What to do – If an entry contains a picture, omit that picture and transcribe everything else exactly.

Records shown –
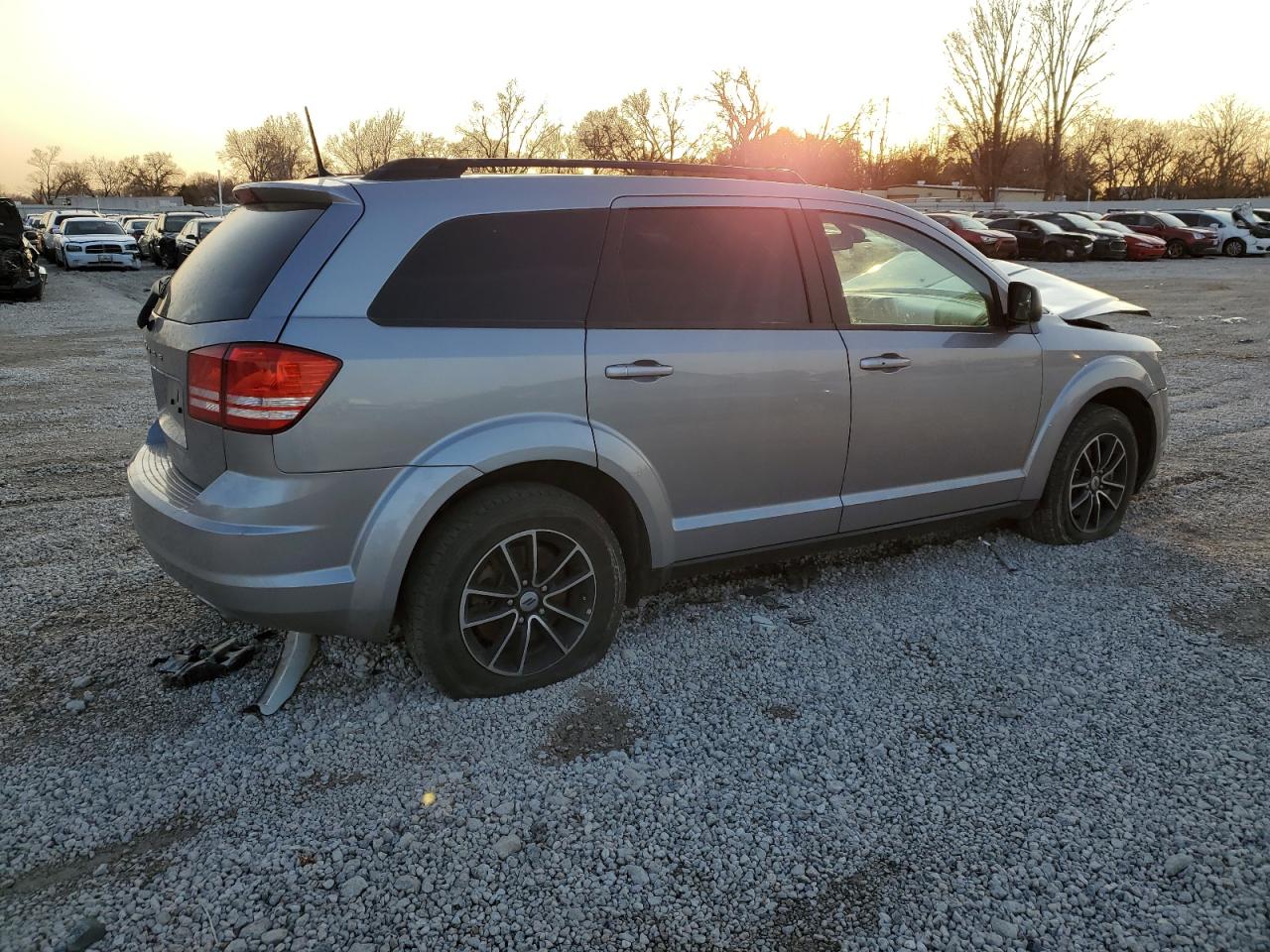 Photo 2 VIN: 3C4PDCAB1JT536013 - DODGE JOURNEY 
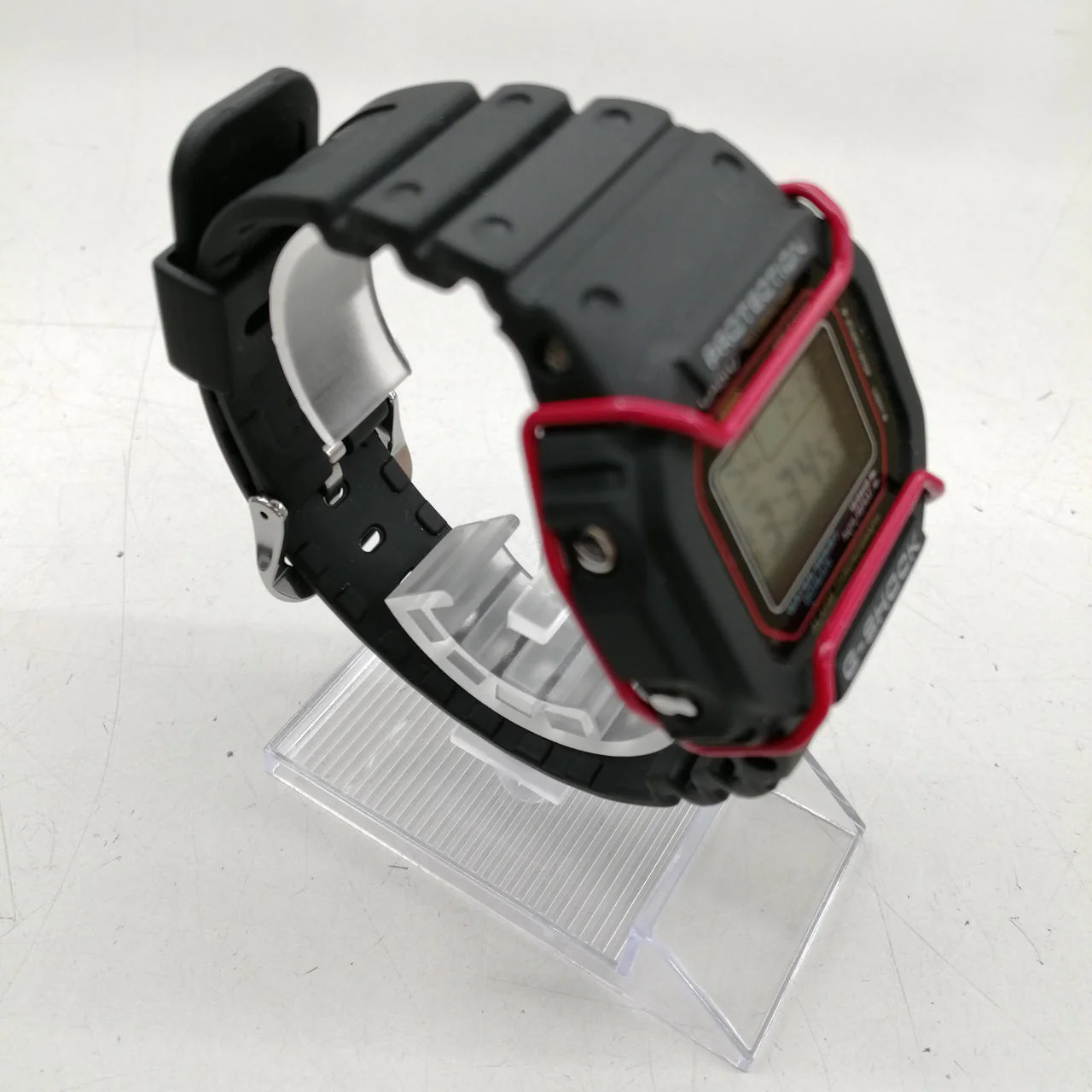 CASIO Quartz G-SHOCK DW-5600RL-1ER Black/Red - Image 3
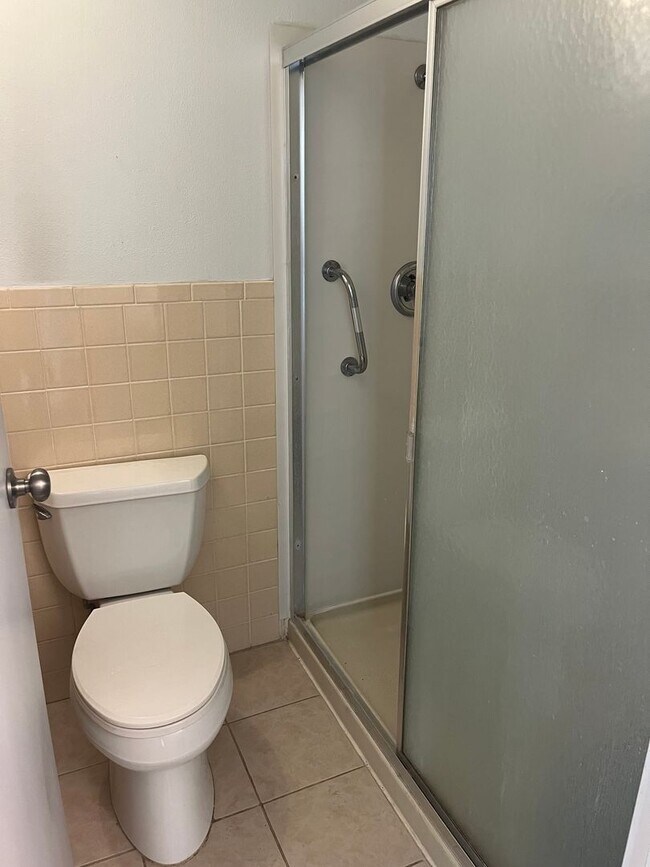 Building Photo - Downtown 1 Bedroom Condo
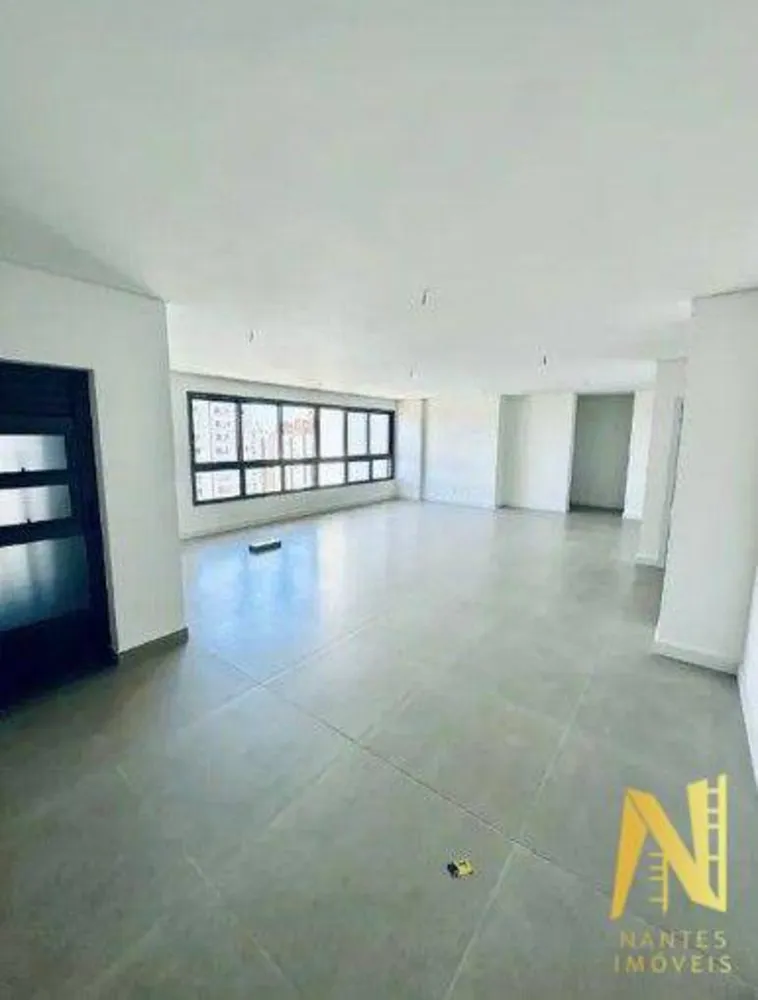 Apartamento, 3 quartos, 137 m² - Foto 2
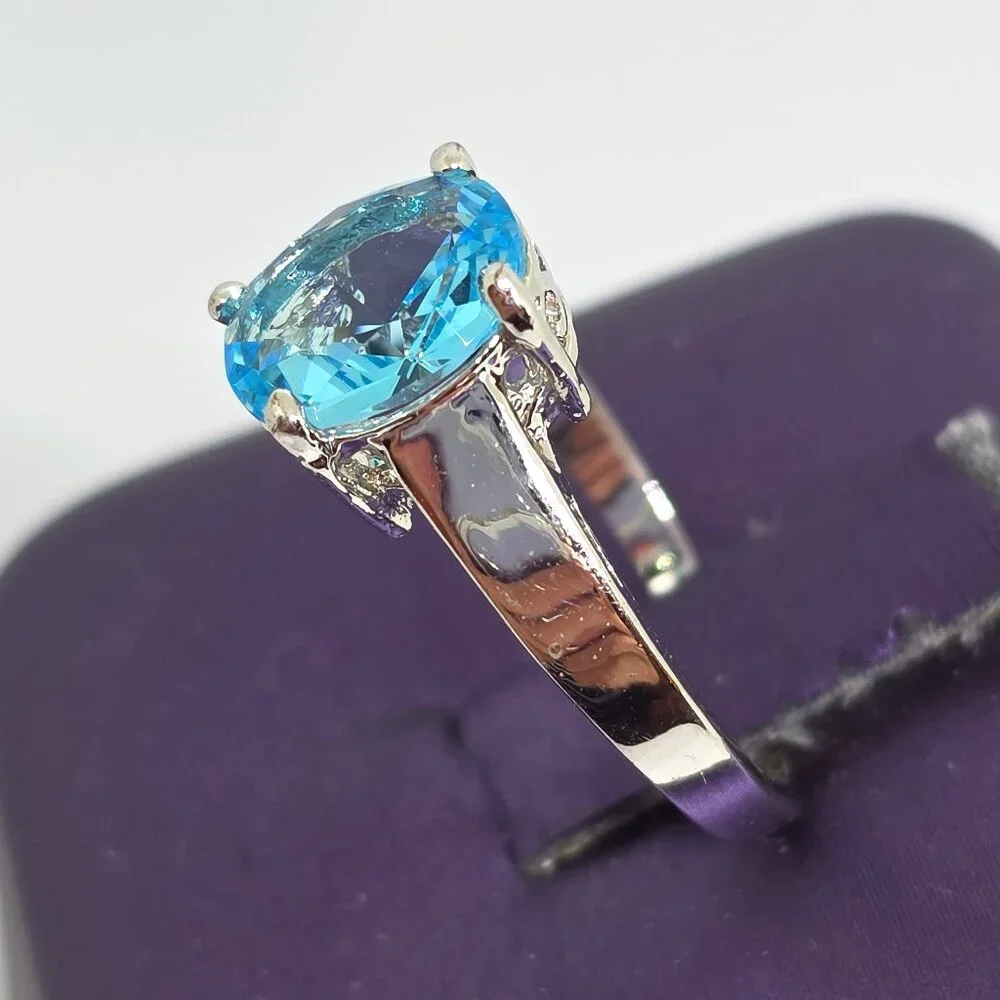 Beautiful Silver Oval Faceted Light Blue Rhodium Plated Solitaire Ring Sz 6.75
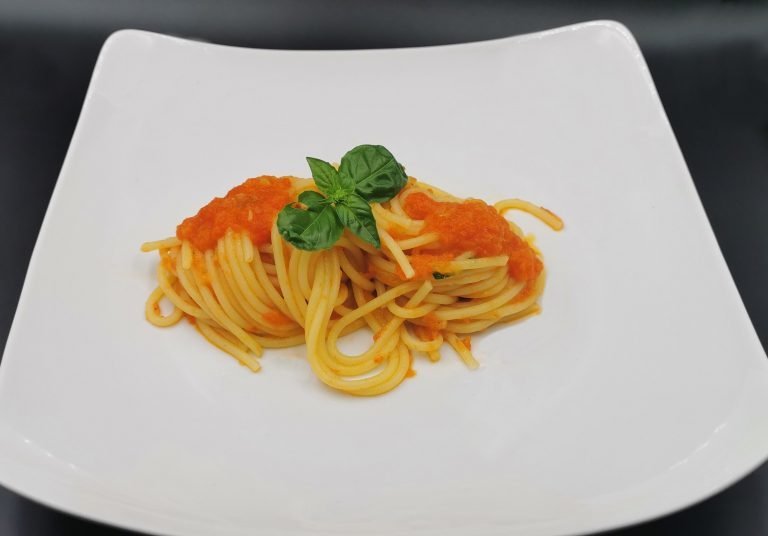 Espaguetis con salsa de tomate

Response for this exercise –
 Photo 2 VIN: 3C4PDCAB1JT536013 - DODGE JOURNEY 
 CASIO Quartz G-SHOCK DW-5600RL-1ER Black/Red - Image 3
 Building Photo - Downtown 1 Bedroom Condo
 Apartamento, 3 quartos, 137 m² - Foto 2
 Beautiful Silver Oval Faceted Light Blue Rhodium Plated Solitaire Ring Sz 6.75
 Espaguetis con salsa de tomate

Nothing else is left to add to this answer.